Kulihat simponi disana mengalun sendu pilu terasa senada gelisahku yang kian mencekam..senandung lagu Dian Piesesa melantun sendu bersama bau semerbak ganja yang diisap orang - orang di sekitar pos. Di sini kita tidak berani setegas di daerah lain tentang barang terlarang ini. Karena kita berusaha meraih simpati masyarakat dalam perang gerilya ini, dalam perang gerilya kunci kemenangan adalah : rakyat sipil. Siapa yang berhasil meraih simpati rakyat sipil dia yang akan memenangkan perang ini.

Jangan pernah sakiti rakyat, jangan coba - coba bercanda pegang kepala mereka biar anak kecil sekalipun. Karena bagi mereka itu adalah : penghinaan besar. Para perajurit muda cuap cuap dengan gadis - gadis muda. Pesan komamdan : jangan sakiti mereka, jangan rusak mereka, mereka sudah sangat jenuh dengan konflik ini, kalau bisa bawa mereka ke daerah kita nanti sebagai istri.

Tapi kadang putus hubungan antara mereka tidak ada hubungannya dengan perang ini.
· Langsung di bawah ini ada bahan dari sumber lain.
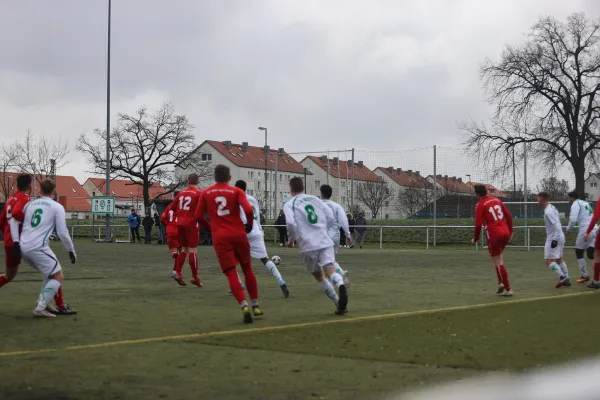 Auswärtsspiel FC Grün Weiß Piesteritz II 25.2.2023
Hanya perpisahan karena ini itu urusan anak muda mereka putus hubungan. Tidak jarang gadis - gadis itu merajut dua hubungan yang sangat kontras, yaitu menjalin hubungan asmara dengan fihak gerilyawan yang nota bene adalah musuh kita, musuh perajurit pusat yang dikirim pemerintah Jakarta. Yang tidak mau negara ini terpecah pecah menjadi negara kecil.

Sial yang tiada tara ketika kedua fihak yang bertikai bertemu di tempat gadis yang sama. Menginginkan gadis yang sama. Sang gadis pun tidak bisa bersikap tegas karena menyakiti salah satu fihak bisa menyusahkan posisi politik si gadis. Apabila menolak prajurit RI dia akan dituduh pro gerilyawan, apabilan menolak gerilyawan dia akan dituduh pendukung Jakarta. Itu berarti kematian.

Namun jauh di dalam hatinya dia hanya gadis biasa yang mendambakan teman hidup. Tempat mengeluh, tempat mencurahkan rasa cinta. Dia tidak mau tahu dengan konflik ini, dia bahkan mengutuk konfik yang hanya membuat derita bagia wanita dan anak - anak ini. Dia sebenarnya ingin seperti gadis - gadis di daerah lain yang tidak merasakan konfik, mereka bebas nongkrong kesana kemari sesuai dengan umur mereka yang sedang puber.

Lain lagi dengam Kak Rita yang puas menikmati dua asmara sekaligus, suaminya seorang gerilyawan yang jarang pulang. Kalau suaminya sedang berjuang di hutan dia mengisi hari - harinya dengan prajurit Jakarta yang bertugas di pos dekat rumahnya. Asyik sekali hidupnya. Uang jajan juga didapat dari kedua fihak yang berseteru.